Reiter A, Tiemann M, Ludwig W D, Wacker H H, Yakisan E, Schrappe M, Henzler D, Sykora K W, Brandt A, Odenwald E
Abt. Päd. Hämatologie/Onkologie, Med. Hochschule Hannover.
Klin Padiatr. 1994 Jul-Aug;206(4):222-33. doi: 10.1055/s-2008-1046608.
One of the goals of the study NHL-BFM 90 was to investigate the distribution and prognosis of the different subtypes of Non-Hodgkin's Lymphoma (NHL) in children and adolescents according to histological, cytomorphological and immunological characteristics.
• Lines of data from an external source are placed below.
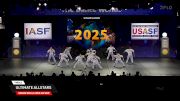 Ultimate Allstars [2025 Senior Small Coed Hip Hop Finals] 2025 The Dance Worlds
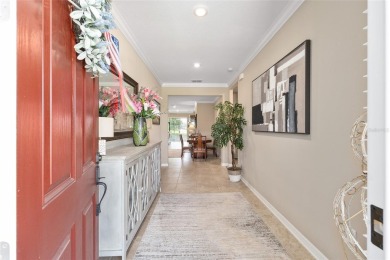 This beautifully upgraded Wisteria model, built in 2021, is on On Top of the World Golf Course in Florida - for sale on GolfHomes.com, golf home, golf lot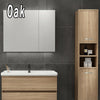 Modern Bathroom Cupboard Tall Cabinet Furniture Large Storage Unit Home Kitchen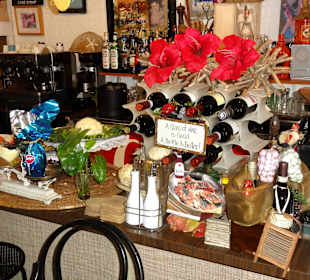 Impressionen aus dem Gastraum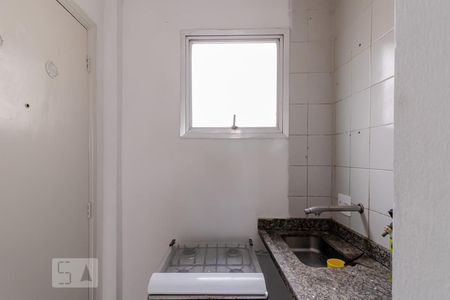 Studio para alugar com 39m², 1 quarto e sem vaga Studio para alugar com 39m², 1 quarto e sem vagaCozinha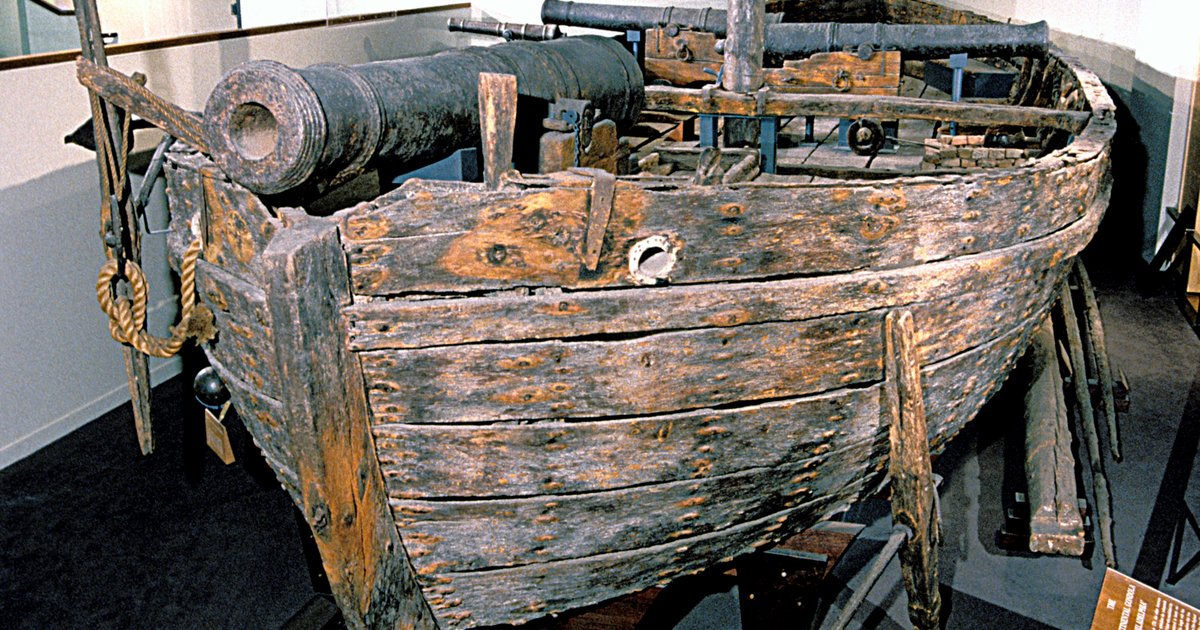 USS Philadelphia, the oldest surviving warship in U.S., wasn't built in the city. So how did it get its name?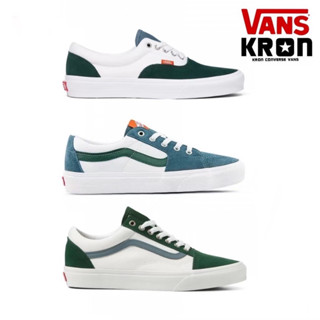 Vans รองเท้าผ้าใบ Era / Old Skool / Sk8-Low | Varsity Canvas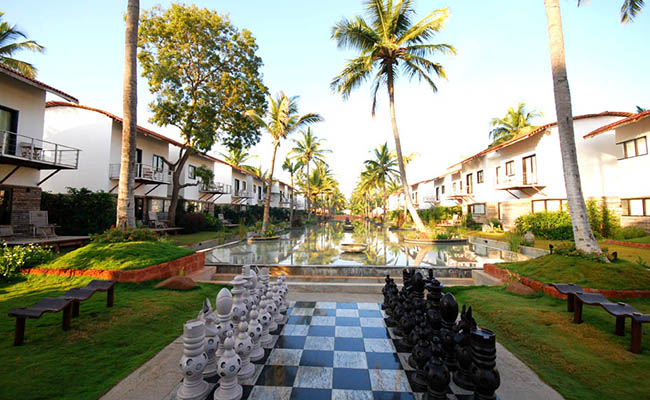 Windflower Spa and Resorts, Mysore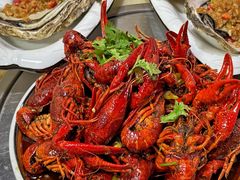 -富临港·蒸汽海鲜·手抓海鲜·炒菜(栈桥店)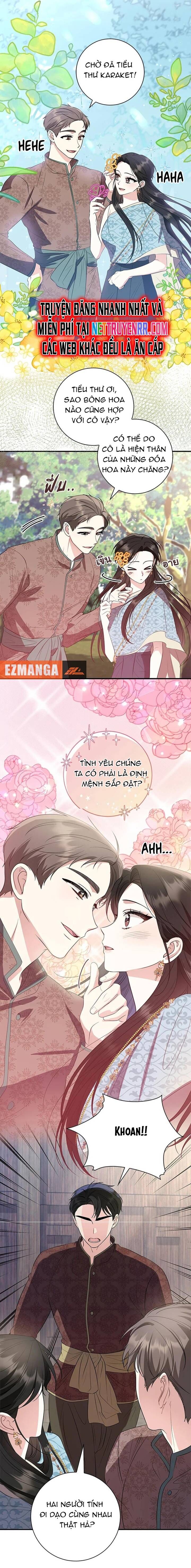 Ngược Dòng Thời Gian Để Yêu Anh Chap 17 - Next Chap 18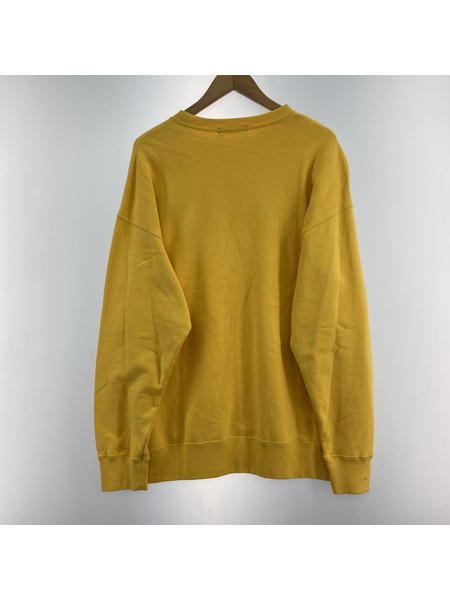 UNDERCOVER スウェット・トレーナー BIGSWEAT ANGEL wappen/スウェット[値下]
From 4/1990 to 12/1992, 346 patients (pts) (84 females, 262 males) were enrolled (median age: 9.1 years; range: 0.8-17.9 years). Histology was available from 290 pts (84%), cytomorphology from 155 (44%), and immunophenotyping from 245 (70%). Cases with L1 oder L2 cytomorphology according to the French-American-British Classification were classified as lymphoblastic lymphoma and those with L3 cytomorphology as Burkitt-Type lymphoma or acute B-cell leukemia (B-ALL) if a histological classification was not available. By means of the combined analysis of all three diagnostic criterias the classification of the NHL according to the updated Kiel-classification was possible in 312 cases: 49% were classified as Burkitt-type-lymphoma (incl. B-ALL), 22% als lymphoblastic lymphoma, 10% as large cell anaplastic lymphoma (LCAL), 6% as centroblastic lymphoma, only few cases were classified as NHL of other subtypes, 3 pts (1%) suffered from low grade malignant lymphomas, and in 34 pts (10%) the NHL was not further classified. Patients were stratified according to NHL-subentities in 3 branches (Non-B-NHL, B-NHL, LCAL) of different treatment modalities. The estimated probability of a 3-year event free survival (pEFS) was 88 +/- 2% for the whole group (follow up 7 to 40 months, median 23 months) while pEFS of different subtypes was: lymphoblastic lymphoma: 91 +/- 4%; Burkitt-type-lymphoma/B-ALL: 90 +/- 2%; centroblastic lymphoma: 94 +/- 6%, LCAL: 88 +/- 6%. We conclude that the stratification of treatment modalities in study NHL-BFM 90 according to biological entities provided patients of different NHL-subtypes an equal chance to survive event free. The efficacy of the treatment strategy for rare subtypes, however, is not evaluable yet.
NHL - BFM 90研究的目标之一是根据组织学、细胞形态学和免疫学特征,调查儿童和青少年非霍奇金淋巴瘤(NHL)不同亚型的分布及预后。从1990年4月至1992年12月,共纳入346例患者(pts)(84例女性,262例男性)(中位年龄:9.1岁;范围:0.8 - 17.9岁)。290例患者(84%)有组织学资料,155例(44%)有细胞形态学资料,245例(70%)有免疫表型分析资料。根据法国 - 美国 - 英国分类法,具有L1或L2细胞形态学特征的病例若无法进行组织学分类,则分类为淋巴母细胞淋巴瘤,具有L3细胞形态学特征的病例分类为伯基特型淋巴瘤或急性B淋巴细胞白血病(B - ALL)。通过对所有三项诊断标准的综合分析,312例病例能够按照更新后的基尔分类法对NHL进行分类:49%被分类为伯基特型淋巴瘤(包括B - ALL),22%为淋巴母细胞淋巴瘤,10%为大细胞间变性淋巴瘤(LCAL),6%为中心母细胞淋巴瘤,只有少数病例被分类为其他亚型的NHL,3例患者(1%)患有低级别恶性淋巴瘤,34例患者(10%)的NHL未进一步分类。患者根据NHL亚实体被分为不同治疗方式的3组(非B - NHL、B - NHL、LCAL)。整个组的3年无事件生存率(pEFS)估计为88±2%(随访7至40个月,中位时间23个月),不同亚型的pEFS为:淋巴母细胞淋巴瘤:91±4%;伯基特型淋巴瘤/B - ALL:90±2%;中心母细胞淋巴瘤:94±6%,LCAL:88±6%。我们得出结论,NHL - BFM 90研究中根据生物学实体对治疗方式进行分层,为不同NHL亚型的患者提供了同等的无事件生存机会。然而,罕见亚型治疗策略的疗效尚未可评估。